But if the gaffe-prone Biden stumbles, or looks even a little like the caricature Trump has painted of him, his campaign may be damaged. There are two more presidential debates to go, but first debates — like first impressions — have a way of sticking to candidates.

A good debate performance by Trump at Case Western Reserve University in Cleveland could help revive his faltering campaign. He's trailing Biden by about 7 points nationally, according to an average of polls by RealClearPolitics. Trump, bolstered by his unwavering confidence in his ability to sell himself, has said he's done little of the traditional preparation for a high-stakes debate. He says his daily back-and-forth with reporters, sometimes two or three times a day, is practice enough.
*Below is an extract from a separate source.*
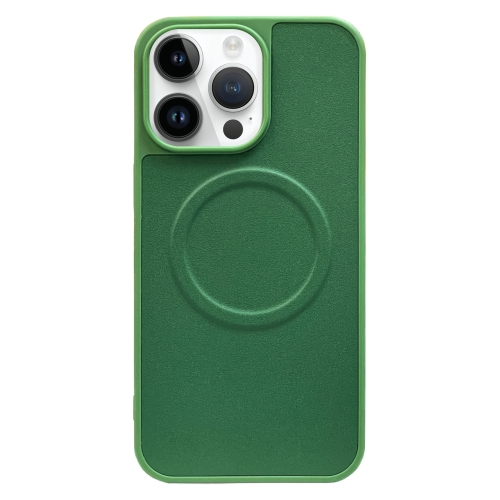 For iPhone 14 Pro 2 in 1 MagSafe Magnetic Silicone Leather Phone Case(Green) чехол для iphone 15 plus leather case c logo green is792828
"I think I prepare every day. I think, you know, when you're president, you sort of see everything that they're going to be asking," Trump said in a Sunday interview with Fox News.

Trump muddied the waters a little more on Sunday, tweeting a "demand" that Biden take a drug test before or after the debate — the latest in a series of baseless suggestions that the former vice president's public appearances have been affected by drug use.

But first debates are often a trap for incumbent presidents, who have less time for practice than their rivals.

Ronald Reagan devastated President Jimmy Carter in 1980 by asking voters if they were better off than they were four years ago. President George W. Bush was criticized for complaining about how hard his job was while debating John Kerry in 2004. Bush's father, President George H.W. Bush, faced double-barreled attacks from Bill Clinton and independent Ross Perot in his first re-election debate in 1992 — and famously looked at his watch mid-debate. President Barack Obama, one of the Democratic Party's most gifted orators, was clearly bested in his first debate with Mitt Romney in 2012.